La collezione 2023 di B&B Italia ritratta a Villa Arconati a Bollate, Italia.
«In questa opera del suo rarissimo giudicio la Natura e l'Arte concorsero a gara con le sue doti a farla unica alla Insubria, e famosa oltre i confini d’Italia: la scoltura e la pittura ha qui il suo regno, e da lontanissime parti condotte le statue e Colossi, con mille reliquie della grandezza Romana non portano invidia alle delicie dell’istesso Impero. Taccio l’artificio delle fontane, le selve murate, le fiere domestiche, gli uccelli peregrini e quanto è di maraviglioso altrove, quivi, quasi in Theatro raccolto…»

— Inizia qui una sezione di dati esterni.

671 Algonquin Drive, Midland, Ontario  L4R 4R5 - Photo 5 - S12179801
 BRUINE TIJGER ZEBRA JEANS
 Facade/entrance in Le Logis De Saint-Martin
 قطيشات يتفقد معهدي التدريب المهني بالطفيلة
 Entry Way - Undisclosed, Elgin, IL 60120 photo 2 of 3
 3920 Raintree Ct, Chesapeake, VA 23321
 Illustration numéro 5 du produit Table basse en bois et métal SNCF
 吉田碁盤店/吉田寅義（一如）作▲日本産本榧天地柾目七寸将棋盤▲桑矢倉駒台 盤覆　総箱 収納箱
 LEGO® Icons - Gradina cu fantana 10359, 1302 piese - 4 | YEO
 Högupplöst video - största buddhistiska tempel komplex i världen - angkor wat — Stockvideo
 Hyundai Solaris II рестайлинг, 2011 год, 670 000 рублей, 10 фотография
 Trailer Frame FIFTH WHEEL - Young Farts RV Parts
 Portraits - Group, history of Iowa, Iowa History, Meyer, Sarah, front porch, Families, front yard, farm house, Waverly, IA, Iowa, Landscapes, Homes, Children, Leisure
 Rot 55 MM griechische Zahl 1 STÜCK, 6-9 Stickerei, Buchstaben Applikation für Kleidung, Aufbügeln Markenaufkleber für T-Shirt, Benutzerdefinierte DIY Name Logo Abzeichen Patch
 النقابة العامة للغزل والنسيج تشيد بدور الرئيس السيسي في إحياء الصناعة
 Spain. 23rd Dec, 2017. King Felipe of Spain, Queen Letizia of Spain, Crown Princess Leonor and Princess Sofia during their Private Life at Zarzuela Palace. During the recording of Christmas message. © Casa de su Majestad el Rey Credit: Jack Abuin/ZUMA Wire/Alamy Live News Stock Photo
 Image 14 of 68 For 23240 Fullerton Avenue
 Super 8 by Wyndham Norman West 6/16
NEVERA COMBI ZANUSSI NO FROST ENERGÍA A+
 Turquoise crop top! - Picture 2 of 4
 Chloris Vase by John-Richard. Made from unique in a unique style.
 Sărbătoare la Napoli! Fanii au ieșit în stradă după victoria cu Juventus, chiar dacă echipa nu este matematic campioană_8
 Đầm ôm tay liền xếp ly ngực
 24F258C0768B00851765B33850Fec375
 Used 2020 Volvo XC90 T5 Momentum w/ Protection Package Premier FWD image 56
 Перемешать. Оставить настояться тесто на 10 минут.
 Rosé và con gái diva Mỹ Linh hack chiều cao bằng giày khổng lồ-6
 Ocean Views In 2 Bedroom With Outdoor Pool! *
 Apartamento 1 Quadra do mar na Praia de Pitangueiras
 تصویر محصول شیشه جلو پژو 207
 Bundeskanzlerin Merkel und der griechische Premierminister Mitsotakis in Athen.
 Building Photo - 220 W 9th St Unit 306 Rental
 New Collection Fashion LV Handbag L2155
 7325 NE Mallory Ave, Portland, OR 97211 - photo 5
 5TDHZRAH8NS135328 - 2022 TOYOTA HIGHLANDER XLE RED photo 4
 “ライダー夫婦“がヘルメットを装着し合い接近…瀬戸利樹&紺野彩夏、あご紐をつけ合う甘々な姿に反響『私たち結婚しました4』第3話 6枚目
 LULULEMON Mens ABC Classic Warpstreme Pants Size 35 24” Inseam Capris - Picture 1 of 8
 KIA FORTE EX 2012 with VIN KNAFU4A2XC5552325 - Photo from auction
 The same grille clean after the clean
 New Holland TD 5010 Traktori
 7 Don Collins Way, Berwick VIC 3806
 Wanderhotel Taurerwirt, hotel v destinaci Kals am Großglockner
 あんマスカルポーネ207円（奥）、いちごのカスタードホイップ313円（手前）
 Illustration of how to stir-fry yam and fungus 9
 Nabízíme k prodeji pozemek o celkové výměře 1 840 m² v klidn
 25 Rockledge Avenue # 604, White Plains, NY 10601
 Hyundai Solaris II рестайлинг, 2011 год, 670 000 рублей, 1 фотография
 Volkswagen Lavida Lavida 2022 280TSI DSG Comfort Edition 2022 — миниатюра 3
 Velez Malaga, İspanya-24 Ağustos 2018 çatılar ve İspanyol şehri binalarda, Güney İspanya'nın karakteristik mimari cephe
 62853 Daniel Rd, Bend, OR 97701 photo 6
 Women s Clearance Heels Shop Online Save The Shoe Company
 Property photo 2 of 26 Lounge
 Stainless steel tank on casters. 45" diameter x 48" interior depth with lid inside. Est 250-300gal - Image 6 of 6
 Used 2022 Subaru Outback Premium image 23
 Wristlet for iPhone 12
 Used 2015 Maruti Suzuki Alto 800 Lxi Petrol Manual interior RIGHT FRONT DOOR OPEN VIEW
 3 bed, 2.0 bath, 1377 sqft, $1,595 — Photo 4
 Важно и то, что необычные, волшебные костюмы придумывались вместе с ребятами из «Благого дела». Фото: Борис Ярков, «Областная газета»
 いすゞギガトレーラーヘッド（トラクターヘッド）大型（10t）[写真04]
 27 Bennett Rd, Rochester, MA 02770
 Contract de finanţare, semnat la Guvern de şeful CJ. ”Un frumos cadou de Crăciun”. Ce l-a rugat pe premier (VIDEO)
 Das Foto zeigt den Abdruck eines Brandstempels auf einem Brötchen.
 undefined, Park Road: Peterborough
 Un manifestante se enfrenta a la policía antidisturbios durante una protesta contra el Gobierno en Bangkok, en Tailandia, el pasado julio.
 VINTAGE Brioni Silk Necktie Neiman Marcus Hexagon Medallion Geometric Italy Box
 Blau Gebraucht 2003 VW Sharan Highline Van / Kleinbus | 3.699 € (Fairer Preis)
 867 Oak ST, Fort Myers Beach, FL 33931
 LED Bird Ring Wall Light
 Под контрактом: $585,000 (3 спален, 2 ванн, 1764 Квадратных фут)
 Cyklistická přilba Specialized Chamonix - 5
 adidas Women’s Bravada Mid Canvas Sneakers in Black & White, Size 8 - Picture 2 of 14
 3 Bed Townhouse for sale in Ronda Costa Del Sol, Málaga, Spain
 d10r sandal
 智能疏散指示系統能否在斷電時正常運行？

Con queste parole, in una lettera del 1632, l’architetto Francesco Richini, autore di notevoli edifici religiosi e patrizi della provincia di Milano, ringraziava Galeazzo Arconati per averlo ospitato nella sua villa alle porte della città durante la peste Manzoniana di due anni prima.
È, dunque, proprio alla residenza che è indirizzato il panegirico sopra riportato, parole che, per quanto cariche di enfasi retorica, ci trasmettono la visione e l’ambizione che avevano ispirato l’Arconati nel progettare la straordinaria villa che a distanza di quattro secoli – nell’odierna Bollate, all’interno del Parco delle Groane – porta ancora il nome del suo casato.
Feudatario della Pieve di Dairago, nonché cugino e pupillo del cardinale Federico Borromeo, Galeazzo Arconati fu mecenate, collezionista raffinato e architetto dilettante. Inclinazioni, queste, che lo portarono, nel 1610, all’acquisto della proprietà del Castellazzo, con annessi “casa da nobile” ed edifici di servizio. L’idea era di realizzare una sontuosa residenza che celebrasse il prestigio della famiglia e custodisse la già notevole collezione d’arte che, di lì a poco, si sarebbe arricchita di dodici manoscritti di Leonardo, compresi il Codice Atlantico e Codice Trivulziano 2162 poi donati alla Biblioteca Braidense, e dell’imponente Tiberio in marmo del I secolo d.C. ancora oggi in villa.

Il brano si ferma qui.